Abstract
In this paper, we introduce a new architecture of optimized Radial Basis Function neural network classifier developed with the aid of fuzzy clustering and data preprocessing techniques and discuss its comprehensive design methodology. In the preprocessing part, the Linear Discriminant Analysis (LDA) or Principal Component Analysis (PCA) algorithm forms a front end of the network. The transformed data produced here are used as the inputs of the network. In the premise part, the Fuzzy C-Means (FCM) algorithm determines the receptive field associated with the condition part of the rules. The connection weights of the classifier are of functional nature and come as polynomial functions forming the consequent part. The Particle Swarm Optimization algorithm optimizes a number of essential parameters needed to improve the accuracy of the classifier. Those optimized parameters include the type of data preprocessing, the dimensionality of the feature vectors produced by the LDA (or PCA), the number of clusters (rules), the fuzzification coefficient used in the FCM algorithm and the orders of the polynomials of networks.
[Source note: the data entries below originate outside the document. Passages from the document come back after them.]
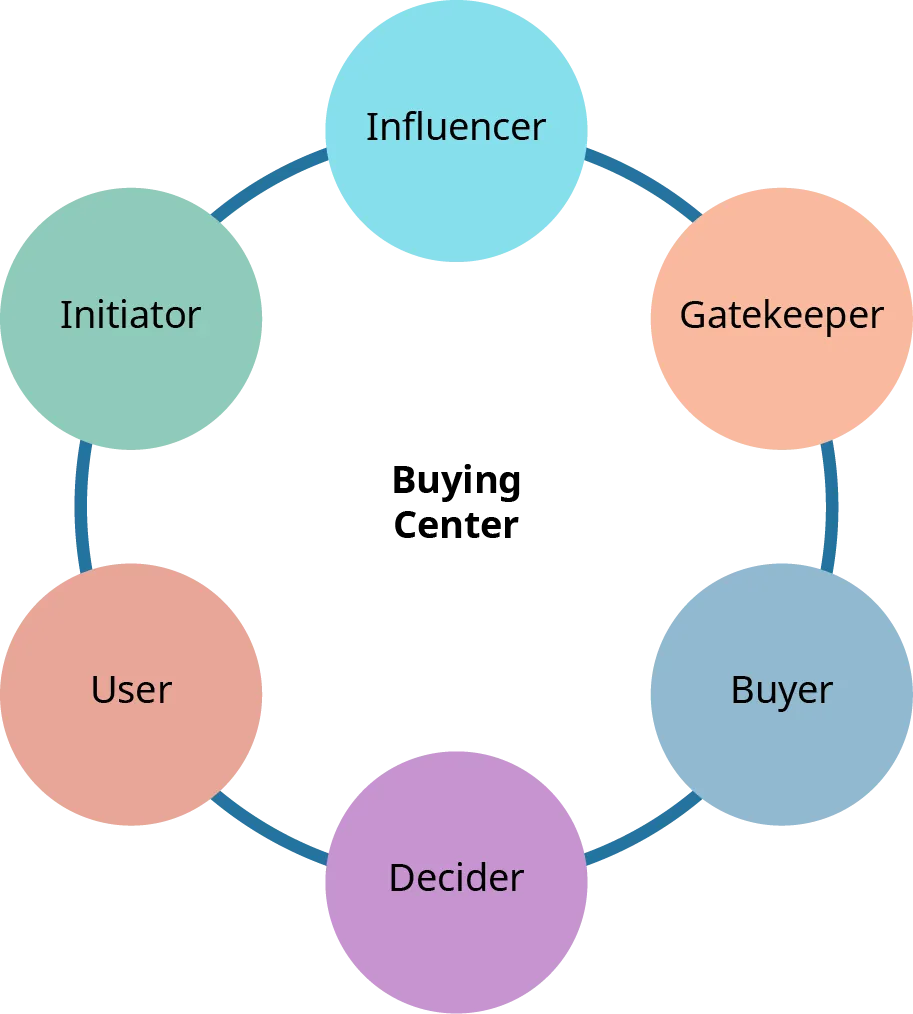 Different types of individuals in the buying center are influencer, gatekeeper, buyer, decider, user, and initiator.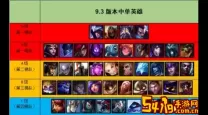 lol法核中单英雄有哪些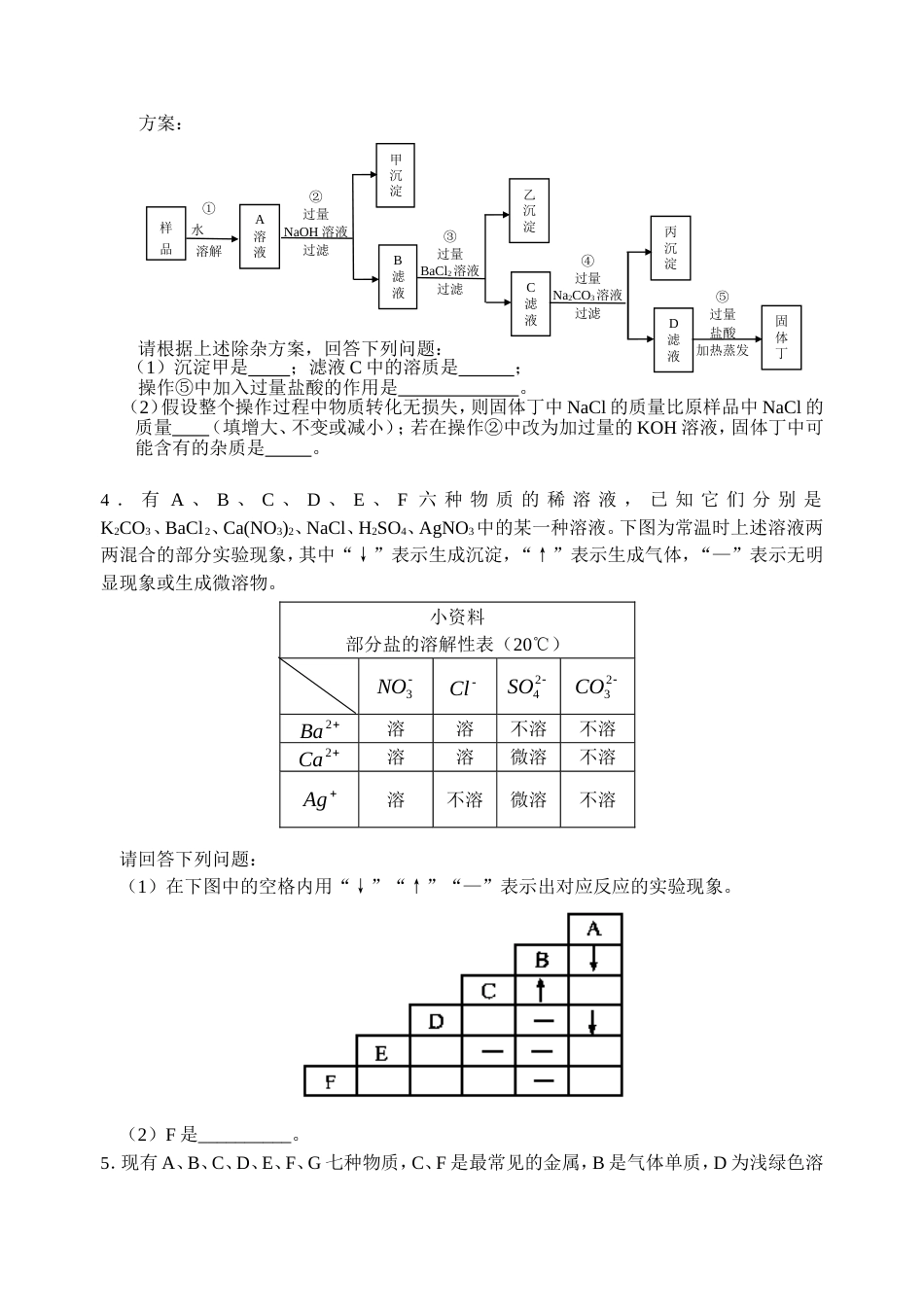 初中化学推断题专辑[共22页]_第2页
The performance of the proposed classifier is reported for several benchmarking data-sets and is compared with the performance of other classifiers reported in the previous studies.
Disclosure statement
No potential conflict of interest was reported by the authors.
Funding
This work was supported by Basic Science Research Program through the National Research Foundation of Korea (NRF) funded by the Ministry of Education [grant number NRF-2015R1A2A1A15055365]; partly supported by the GRRC program of Gyeonggi province [grant number GRRC Suwon 2015-B2], Centre for U-city Security & Surveillance Technology.